Online Activism Meets Real World Activism: A Day Against Censorship

23 05 2010

@Slim404 Amamou

Tunisian activists geared up to organize a peaceful demonstration against censorship as part of the May 22 worldwide event announced to be the day against Tunisia’s “Ammar 404”: an imaginary person tunisians have created to symbolize their country’s world class filtering of the internet, and a pun on error 404 users get when they try to access censored content online.

manif22mai.wordpress.org

On May 21 in Tunis, bloggers @Slim404 Amamou, Yassine Ayari, and Lina Ben Mhenni filed duly filled forms to request a permit to demonstrate on May 22 as part of the protest. Unfortunately, or predictably, Slim and Yassine were detained by the police on sight for several hours and ultimately renounced their attempt as it was made clear to them that they will not be issued a permit and that their attempt is “forbidden.” They were interrogated, threatened as Slim relates in this video.

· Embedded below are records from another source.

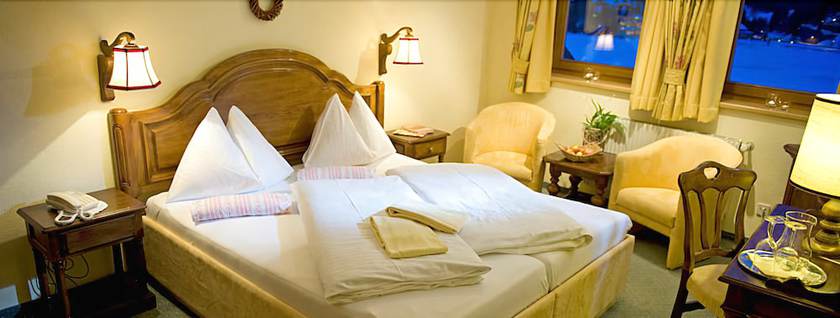 Imagen de la habitación del Hotel Romantik Seehotel Jägerwirt. Foto 9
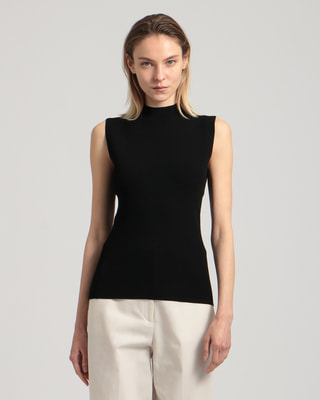 Compact Crepe Rib SL Shell | WOMEN(レディース)|Theory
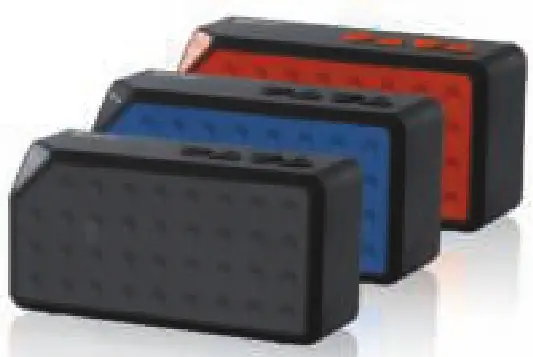 Trust URBAN Wireless Speaker -a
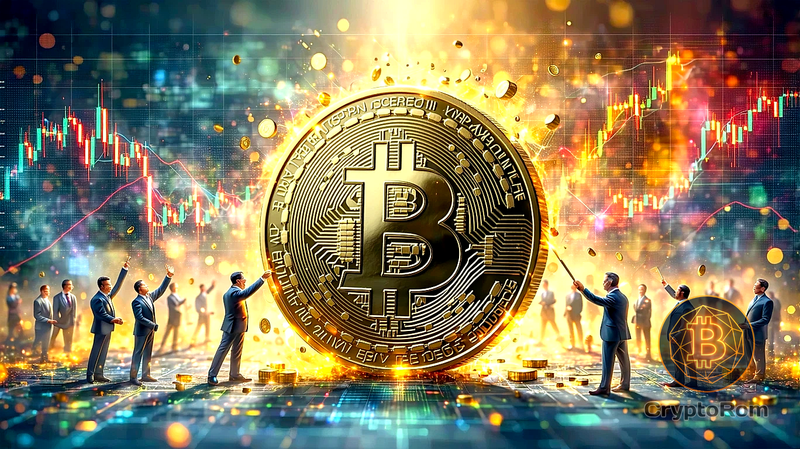 💎 Долгосрочные держатели Bitcoin продолжают накапливать активы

the Police demanded that Slim record a video asking people not to show up for the planned demonstration. Apparently, Slim had to negotiate the terms of this “friendly public service announcement.” Afterwards, he had to sign a document saying that he “understood that his call for a demonstration is wrong” and then he was driven out by the police to record that “friendly reminder to stay home” aimed to dissuade people from demonstrating.

On the following day, Aljazeera reported that the Tunisian police made a show of force in front of the Technology and Communication Ministry, the entity behind Tunisia’s state-built great firewall.

World media coverage for these events was scant, covered, Aljazeera hosted an hour long show opening a space for Tunisians to react to this new wave of protest. The show highlighted the Tunisian paradox: it was the first Arab country to introduce the internet, and as such became the pack leader in censorship.

The protest was not limited to Tunisia as tunisians took to the street to protest in several world capitals in front of their country’s embassies and consulates in Bonn, New York, Paris

While the world is busy debating the future of the Middle East and North Africa in light of pressing geopolitical conflicts, tunisians took matters into their hand using an impressive array of social media tools and techniques, they managed to translate online activism to real world actions in a peaceful and respectful way.  Not withstanding some grandiose pronouncements, world powers commitment to securing these freedoms for Arabs has so far been just hot air despite all the prattle about public diplomacy to “win minds and hearts” in the Arab World.

This post is dedicated to the memory of Tunisian dissident and internet activist Zouhair Yahyahoui.